Vintila erhob sich mühsam und zuckte mit den Achseln. »Wir haben es niemals versucht. Vielleicht täusche ich mich auch. Was weiß ich schon? Ich bin nur ein alter Mann.«
Beinahe hätte Cornel belustigt aufgeschnaubt. Es verwunderte ihn, dass niemand die Scharade des Alten durchschauen konnte. Die Ratsmitglieder blickten ihn an, als wären sie eine Herde Schafe und er ihr treu sorgender Schäfer. Selbst die blutrünstigen Trolle hingen an den Lippen des alten Geistsehers.
»Warum wollen die Trolle das alles wissen?«, fragte Cornel in die Stille hinein. »Lange hat der Dunkelgeist geschlafen, und es war gut so. Warum suchen sie jetzt nach dieser Waffe?«
Ein Grollen ertönte aus den Schatten am Ende der Halle, und fast wünschte der Sonnenpriester sich, dass der Tiefentroll ihn angegriffen hätte. Doch das Wesen knurrte nur und fletschte seine mächtigen Hauer.
»Der Dunkelgeist hat nicht ganz so ruhig geschlafen, wenn ich mich recht erinnere«, gab Vintila zurück. »War es
nicht vielmehr so, dass dein Orden im Kloster Starig Jazek seltsame Riten durchführte, die ihn geweckt haben?«
Die Ratsleute redeten plötzlich durcheinander, und viele finstere Blicke waren auf Cornel gerichtet, der sich jedoch nicht beirren ließ. Die Trolle rückten näher an den Tisch heran, bauten sich bedrohlich auf, aber der Sonnenpriester würdigte sie keines Blickes.
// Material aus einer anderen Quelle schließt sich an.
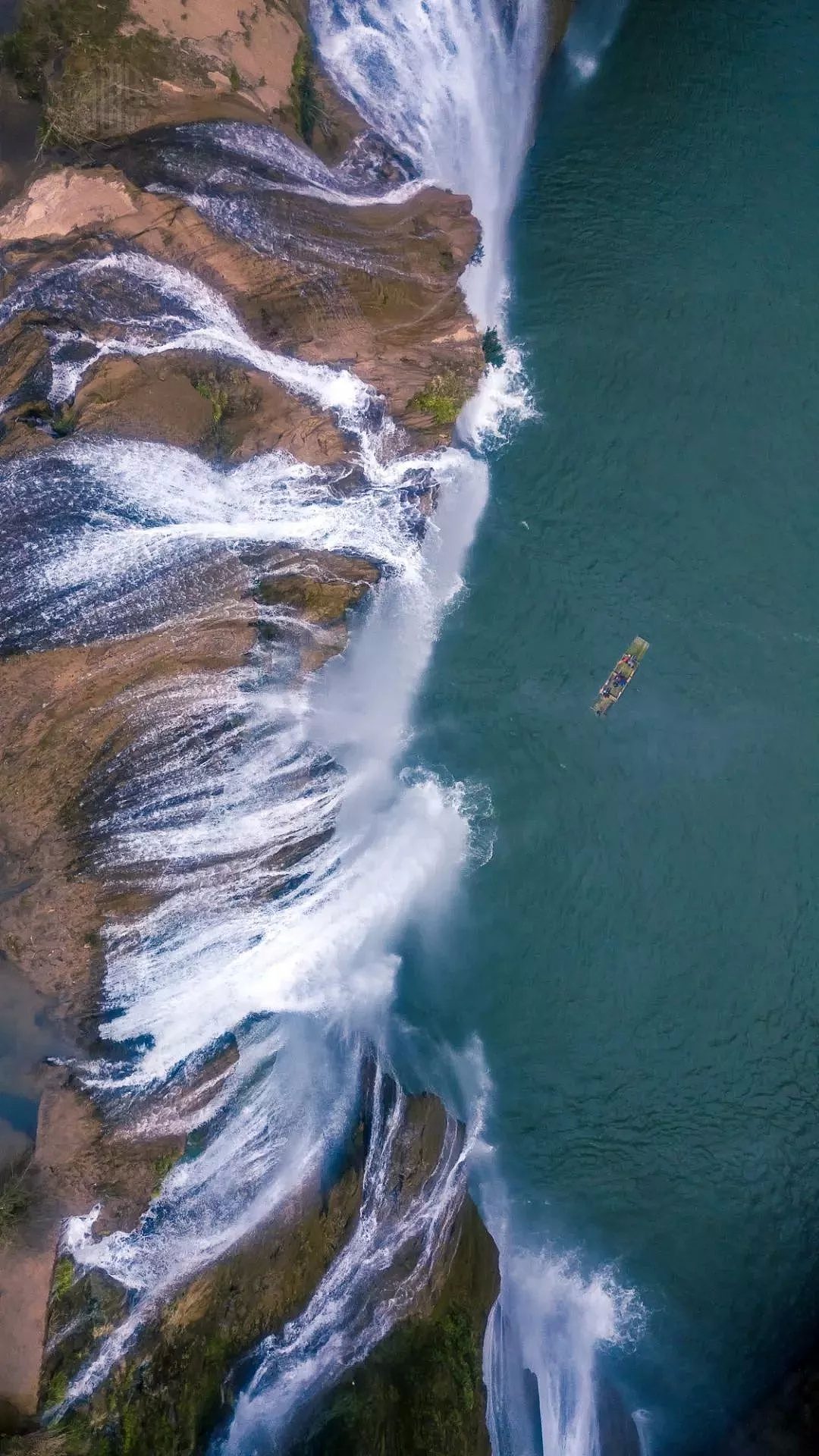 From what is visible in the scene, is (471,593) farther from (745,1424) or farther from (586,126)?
(745,1424)

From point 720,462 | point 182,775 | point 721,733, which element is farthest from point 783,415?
point 182,775

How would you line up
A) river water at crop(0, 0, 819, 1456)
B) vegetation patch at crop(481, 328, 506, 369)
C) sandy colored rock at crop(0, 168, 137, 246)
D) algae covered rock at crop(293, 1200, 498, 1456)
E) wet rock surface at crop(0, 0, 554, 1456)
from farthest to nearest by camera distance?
river water at crop(0, 0, 819, 1456) < vegetation patch at crop(481, 328, 506, 369) < algae covered rock at crop(293, 1200, 498, 1456) < wet rock surface at crop(0, 0, 554, 1456) < sandy colored rock at crop(0, 168, 137, 246)

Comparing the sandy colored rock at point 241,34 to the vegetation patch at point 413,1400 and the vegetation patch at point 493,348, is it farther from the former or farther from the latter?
the vegetation patch at point 413,1400

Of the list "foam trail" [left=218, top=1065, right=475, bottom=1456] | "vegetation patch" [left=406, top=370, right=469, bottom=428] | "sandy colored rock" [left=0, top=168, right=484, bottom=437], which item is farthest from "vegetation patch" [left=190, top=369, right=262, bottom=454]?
"foam trail" [left=218, top=1065, right=475, bottom=1456]

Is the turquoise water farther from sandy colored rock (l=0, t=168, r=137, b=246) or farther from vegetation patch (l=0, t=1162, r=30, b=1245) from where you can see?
sandy colored rock (l=0, t=168, r=137, b=246)

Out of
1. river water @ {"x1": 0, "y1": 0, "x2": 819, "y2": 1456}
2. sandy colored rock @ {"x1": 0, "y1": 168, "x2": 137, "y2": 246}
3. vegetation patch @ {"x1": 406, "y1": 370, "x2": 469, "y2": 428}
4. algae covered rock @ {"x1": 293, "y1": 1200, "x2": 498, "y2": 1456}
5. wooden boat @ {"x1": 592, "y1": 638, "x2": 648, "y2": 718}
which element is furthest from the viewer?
wooden boat @ {"x1": 592, "y1": 638, "x2": 648, "y2": 718}

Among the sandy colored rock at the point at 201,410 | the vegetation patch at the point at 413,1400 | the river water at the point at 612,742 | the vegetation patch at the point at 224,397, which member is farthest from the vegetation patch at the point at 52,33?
the vegetation patch at the point at 413,1400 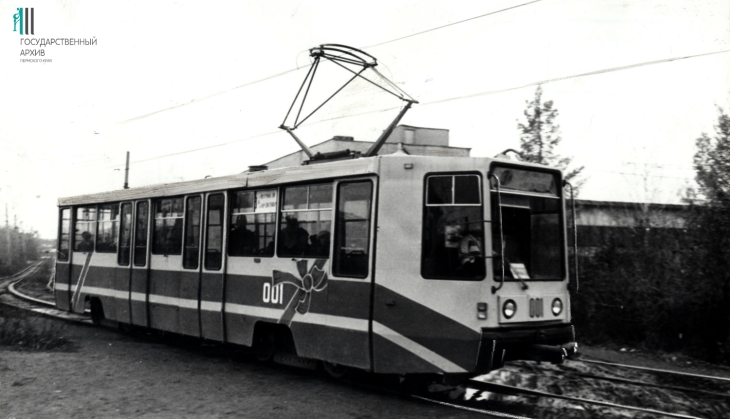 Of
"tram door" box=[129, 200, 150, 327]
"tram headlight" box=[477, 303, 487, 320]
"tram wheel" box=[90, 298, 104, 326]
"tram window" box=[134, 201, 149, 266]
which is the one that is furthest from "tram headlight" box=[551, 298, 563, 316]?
"tram wheel" box=[90, 298, 104, 326]

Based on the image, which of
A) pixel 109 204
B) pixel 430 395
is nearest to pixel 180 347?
pixel 109 204

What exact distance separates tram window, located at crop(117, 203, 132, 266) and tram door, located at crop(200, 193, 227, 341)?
312 centimetres

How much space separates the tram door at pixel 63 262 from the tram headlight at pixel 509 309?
38.8ft

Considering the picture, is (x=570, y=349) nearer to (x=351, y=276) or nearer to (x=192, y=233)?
(x=351, y=276)

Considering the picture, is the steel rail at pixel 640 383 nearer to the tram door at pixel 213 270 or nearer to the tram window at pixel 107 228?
the tram door at pixel 213 270

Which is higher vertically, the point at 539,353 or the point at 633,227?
the point at 633,227

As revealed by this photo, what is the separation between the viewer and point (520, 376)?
368 inches

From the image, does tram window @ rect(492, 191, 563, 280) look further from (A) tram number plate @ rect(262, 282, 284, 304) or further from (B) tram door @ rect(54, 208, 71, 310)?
(B) tram door @ rect(54, 208, 71, 310)

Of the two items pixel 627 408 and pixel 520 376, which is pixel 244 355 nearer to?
pixel 520 376

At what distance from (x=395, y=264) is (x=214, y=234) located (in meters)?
4.09

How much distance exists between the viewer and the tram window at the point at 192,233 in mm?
10844

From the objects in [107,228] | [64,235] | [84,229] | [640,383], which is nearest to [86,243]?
[84,229]

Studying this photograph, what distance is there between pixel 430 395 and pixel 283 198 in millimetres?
3335

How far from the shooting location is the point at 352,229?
8.02 meters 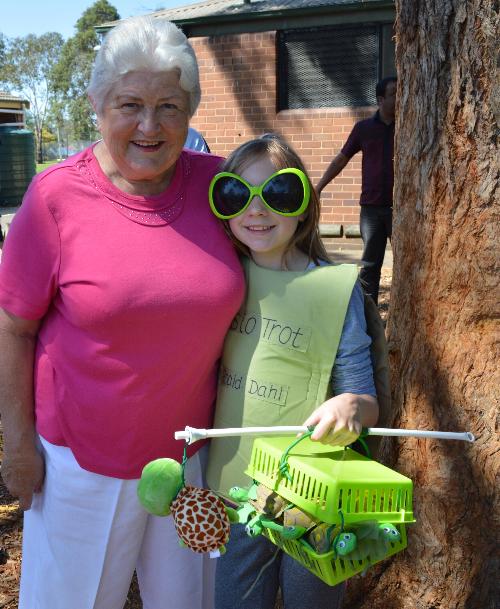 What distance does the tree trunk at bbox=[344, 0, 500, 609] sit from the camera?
81.5 inches

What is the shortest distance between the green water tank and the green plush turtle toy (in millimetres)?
17390

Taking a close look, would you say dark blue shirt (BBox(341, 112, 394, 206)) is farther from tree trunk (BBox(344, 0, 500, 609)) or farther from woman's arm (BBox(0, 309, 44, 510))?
woman's arm (BBox(0, 309, 44, 510))

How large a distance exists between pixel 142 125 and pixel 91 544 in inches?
46.1

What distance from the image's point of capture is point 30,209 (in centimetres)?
187

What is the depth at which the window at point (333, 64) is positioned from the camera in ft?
34.4

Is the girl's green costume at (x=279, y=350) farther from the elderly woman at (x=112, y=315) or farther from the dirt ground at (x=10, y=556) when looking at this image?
the dirt ground at (x=10, y=556)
»Diese Priester haben auch meinen Orden verraten. Sie wurden zu Ausgestoßenen erklärt«, erwiderte er ruhig, doch mit lauter Stimme, die durch das Gemurmel schnitt wie eine Klinge durch Wasser.
»Weil es die Forderung meiner Mutter war, die Bedingung, um euch wieder im Westen Fuß fassen zu lassen.« Natiole hatte sich erhoben und funkelte Cornel an. Der junge Prinz wies mit einem anklagenden Finger auf ihn, als wäre er ein gemeiner Verbrecher. »Länger als ein Jahr habt ihr nichts gegen diese angeblichen Ausgestoßenen getan!«
»Weil mein Orden nichts von dem wusste, was sie vorhatten. Abgesehen von einigen Gerüchten gab es keine Berichte über ihr Tun, Nemes Natiole. Die Situation damals war komplex, wie Euer Vater Euch gewiss bestätigen kann. Es gab Verfolgungen, Priester wurden getötet. Die Berichte aus dem neu erstarkten Wlachkis waren voller Widersprüche.«
»Widersprüche!«, höhnte Natiole. »Euer Orden hat den Kriegstreibern doch das Wort geredet. Ihr wolltet doch gar nichts glauben, was euch einfache Wlachaken sagten!«
Es kostete Cornel einige Überwindung, ruhig zu bleiben. Würdevoll verschränkte er die Arme hinter dem Rücken und hob das Kinn.
»Das ist gut möglich. Wie ich schon darlegte, war die Situation damals nicht einfach. Für keinen von uns. Aber selbst Eure Tante, die Voivodin Ionna, hat meinem Orden niemals die Geschehnisse im Kloster Starig Jazek zum Vorwurf gemacht.«
»Weil sie Frieden wollte; sicher nicht, weil sie euch vertraute und euren Ausflüchten Glauben schenkte«, entgegnete Natiole kalt.